The course aims to strengthen the capacity of participants to understand the principles of ILS as they relate to company operations and the implications for CSR policies and practices geared towards decent work and sustainable development.

At the end of the course, participants will:

• be familiar with ILO’s core labour standards (child labour, forced labour, discrimination, and freedom of association and collective bargaining), their function and formulation as well as implementation and other relevant ILO tools relevant from a CSR perspective;

• be able to analyse international instruments and frameworks on CSR referencing International Labour Standards;

• understand the different roles of governments, the private sector, and employers’ and workers’ organizations could play in the development and implementation of CSR policies and practices; be updated on company practices, selected from a variety of geographical, sectoral and operational contexts;

• be able to better advise and serve their institutions, organizations or enterprises in the area of ILS and Decent Work and in their daily operations.

 Content

The course is organized around three thematic building blocks:

 1. ILO tools and instruments relevant for Corporate Social Responsibility and due diligence concerning labour rights

 What are the leading instruments of the ILO related to corporate social responsibility?  This building block presents insights on the link between ILO normative instruments—including ILS, the ILO Tripartite Declaration of Principles concerning Multinational Enterprises and Social Policy (MNE Declaration) and the ILO Declaration on Fundamental Principles and Rights at Work—and due diligence as set out in the United Nations Guiding Principles on Business and Human Rights (UNGP).

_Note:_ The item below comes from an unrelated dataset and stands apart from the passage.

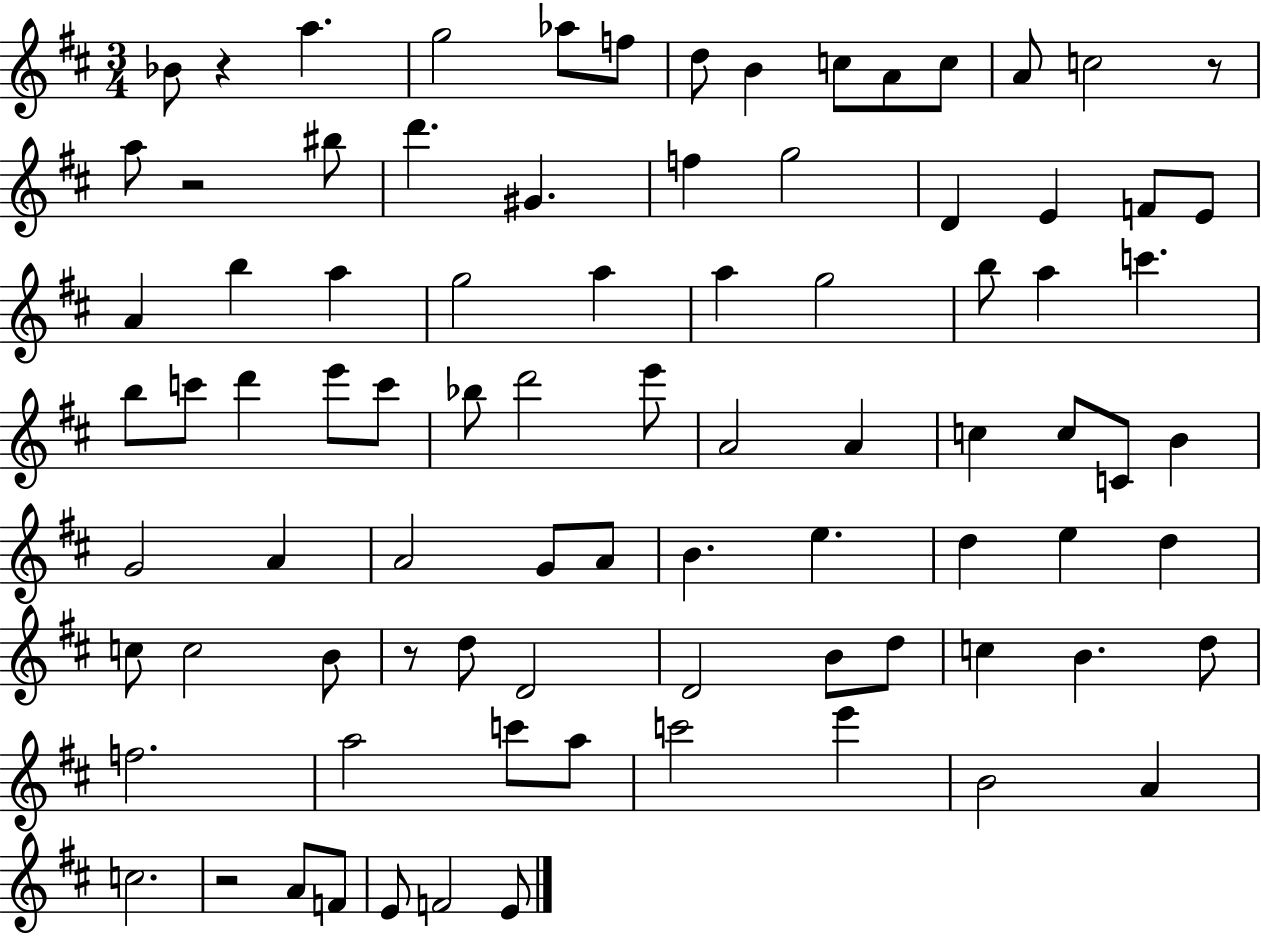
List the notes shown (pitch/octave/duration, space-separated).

Bb4/e R/q A5/q. G5/h Ab5/e F5/e D5/e B4/q C5/e A4/e C5/e A4/e C5/h R/e A5/e R/h BIS5/e D6/q. G#4/q. F5/q G5/h D4/q E4/q F4/e E4/e A4/q B5/q A5/q G5/h A5/q A5/q G5/h B5/e A5/q C6/q. B5/e C6/e D6/q E6/e C6/e Bb5/e D6/h E6/e A4/h A4/q C5/q C5/e C4/e B4/q G4/h A4/q A4/h G4/e A4/e B4/q. E5/q. D5/q E5/q D5/q C5/e C5/h B4/e R/e D5/e D4/h D4/h B4/e D5/e C5/q B4/q. D5/e F5/h. A5/h C6/e A5/e C6/h E6/q B4/h A4/q C5/h. R/h A4/e F4/e E4/e F4/h E4/e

2. Issues companies encounter and guidance found in the ILS

What are the challenges business encounter with regards to labour rights and CSR? Drawing on the experiences of the ILO Helpdesk for Business, this block sets out a framework for understanding the key ILS principles for each of the topics and the implications for company operations.  Topics include:  freedom of association and the right to collective bargaining; industrial relations,  child labour, forced labour, equality of opportunity and treatment (including gender); conditions of work (wages, hours of work, occupational safety and health); and employment promotion and training

3. Operationalizing the principles of ILS

What are the challenges of implementing labour-related CSR practices?  This section will focus on experiences of both large and smaller companies in establishing a system for ensuring respect for workers’ rights in their own operations and in promoting respect among their business partners

 

 Format and Methodology

The course will take a highly participatory approach which requires full involvement by all participants and ensures exchange of information and experiences. Besides ILO specialist, expert guest speakers will be drawn from various organizations and UN agencies such as UN Global Compact, BSCI, Ethical Trading Initiative and the Fair Wear Foundation amongst others.